The media in this country has a lot to do with programming us with
pre-packaged ideas about what we are "supposed" to be attracted
to.  

As you know, I believe there are a lot of men and women out there
who are going to great lengths to approach a certain level of
"beauty" that is, for the most part, a constant chasing after the
wind.

Last night I happened upon The Bachelor as I was flipping
channels. The eponymous subject is apparently to decide between
four women, all of whom are completely different.  

What a heart-wrenching challenge for him, according to the plot.  

Well, I looked at the TV and as my eyes started to glaze over
(losing interest) it dawned on me. I was personally feeling
zero attraction for any of the four women he had before him.

Don't get me wrong. It's not anyone's fault this is the case.

Everyone involved with the show is beautiful, "nice", etc.   

I'm just different.  

And this got me to thinking. If I really consider the type of
woman I would be most attracted to, she would never really be the
"Barbie" type, approaching media-driven perfection physically.
Ever.  

Let me spell this out: Put a woman who somehow seems more
like an even match for me next to a human Barbie doll, and I will
be feeling more natural, visceral "energy" for the former than for
the supermodel type.  

So who is this chick?

Some call her "the girl next door". I call her amazing, and I
know exactly why.

It's precisely that she is NOT so perfect that makes her more
attractive to me.  

The imperfections themselves may not be so easily defined. In
fact, I'm hard pressed to come up with a laundry list of them
because it would be different for me than it would be for you.  

But basically, such a woman brings a total package that I can
flat-out appreciate. Maybe the imperfections are exactly those I
can relate to.  

But whatever the case, what makes her potentially imperfect for
others is what makes her who she is in my eyes, and I would never
want to change her to be more perfect.  

In every case, though, she's the type of woman who others will
invariable say "looks cute with me".  We just look like and act
like we belong together.
 
This is a magical thing.  

When I know this is going on, I am proud to be with her and to be
seen with her, even if other guys may not have seen in her what I
see.  

In situations like these when things are firing on all cylinders,
we both understand how what's perfect and what's imperfect work
together to make us get along so well.

It has been said that people often end up together who physically
look alike. If you have ever seen a couple and aren't really sure
if they are brother/sister or on a date, you know exactly what I'm
getting at. I think this is absolutely true.  

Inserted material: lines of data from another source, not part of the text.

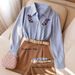 New Women's Long Sleeved Shirt Embroidered Striped Design_ecoleips.com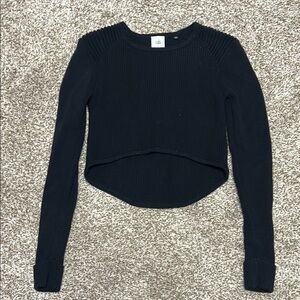 Cabi Black Asymmetrical Long Sleeve Crop Top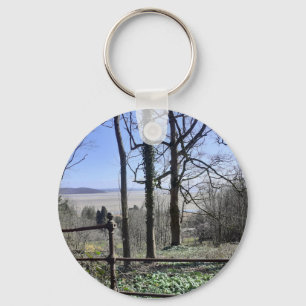 Morecambe Bay Uitzicht Button Key Ring Sleutelhanger
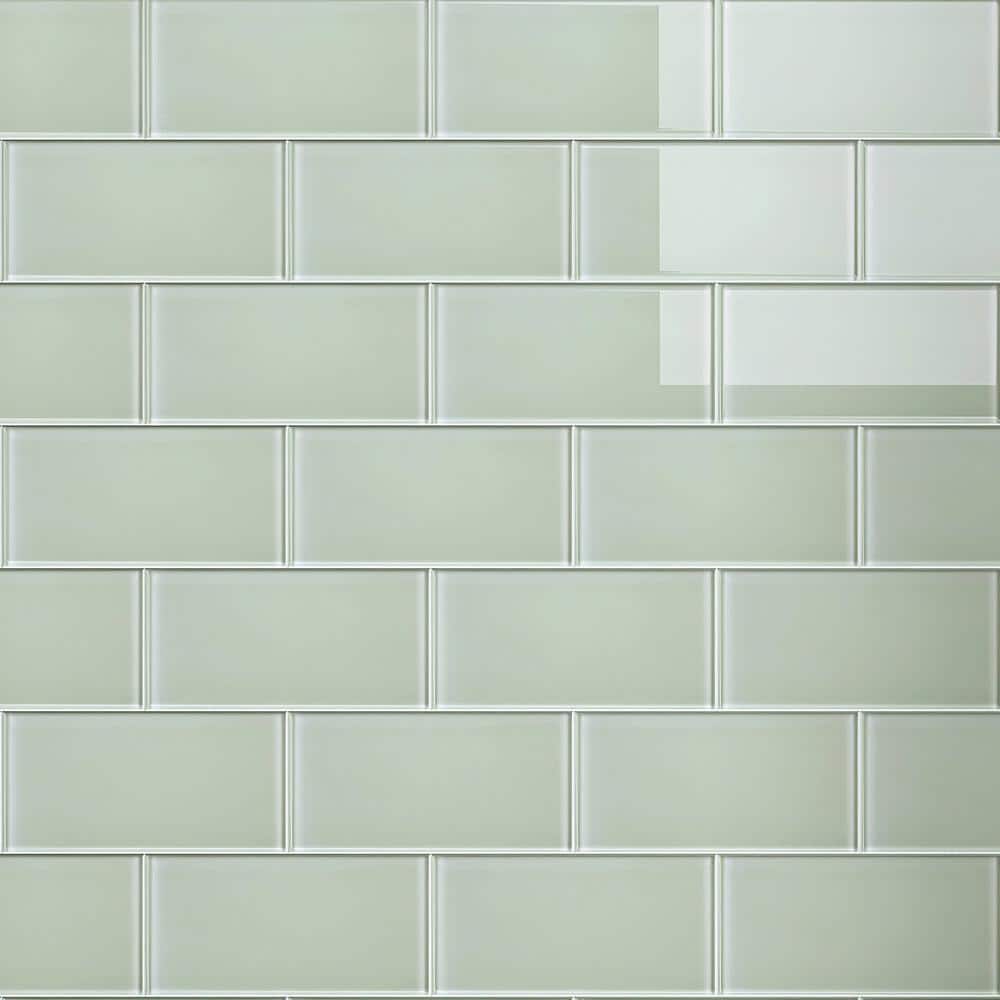 Crystile Soft White 6 in. x 3 in. Subway Glossy Glass Mosaic Tile Sample price history on PriceWatchPro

I have a friend who is physically very different than I am, and the
women he tends to go nuts over I wouldn't ask out in a million
years.

But see, what I think doesn't matter to him, nor should it.

If he is with someone who he really digs, then that is all that
counts.

And it's particularly interesting how he gravitates towards women
who kind of look like him.  

Unfortunately, many of us want approval from others when it comes
to who we are dating. We want to be with the one who everyone
else finds attractive.  

The irony is, of course, that this is impossible to really measure
for sure, and quickly becomes wasted energy.  

Want a quick test as to whether you are vulnerable to this way of
thinking?  

Here it is: Have you ever found yourself dating someone who many
of your friends think is utterly fantastic, when you yourself have
this nagging feeling that you are not appreciating her as much as
someone else would?  

I certainly have in the past. It's as if I am dating someone
else's woman.  

It's easy to get somewhat confused in these cases because the
feeling on the surface is, "What is wrong with me?  How come I
can't fall for this person?"  

Well, that's a case of being caught up in seeking perfection
rather than imperfect perfection.  

Get it?

Just in case you don't, consider this: The SAME holds true if
you're passing up women who you're genuinely drawn to simply
because you're concerned that they won't be beautiful enough,
impressive enough, etc. for "the masses" (i.e. your social circle).

Nobody is perfect of course, but focusing on someone who is
perfect for me is about as good as it gets. What about you?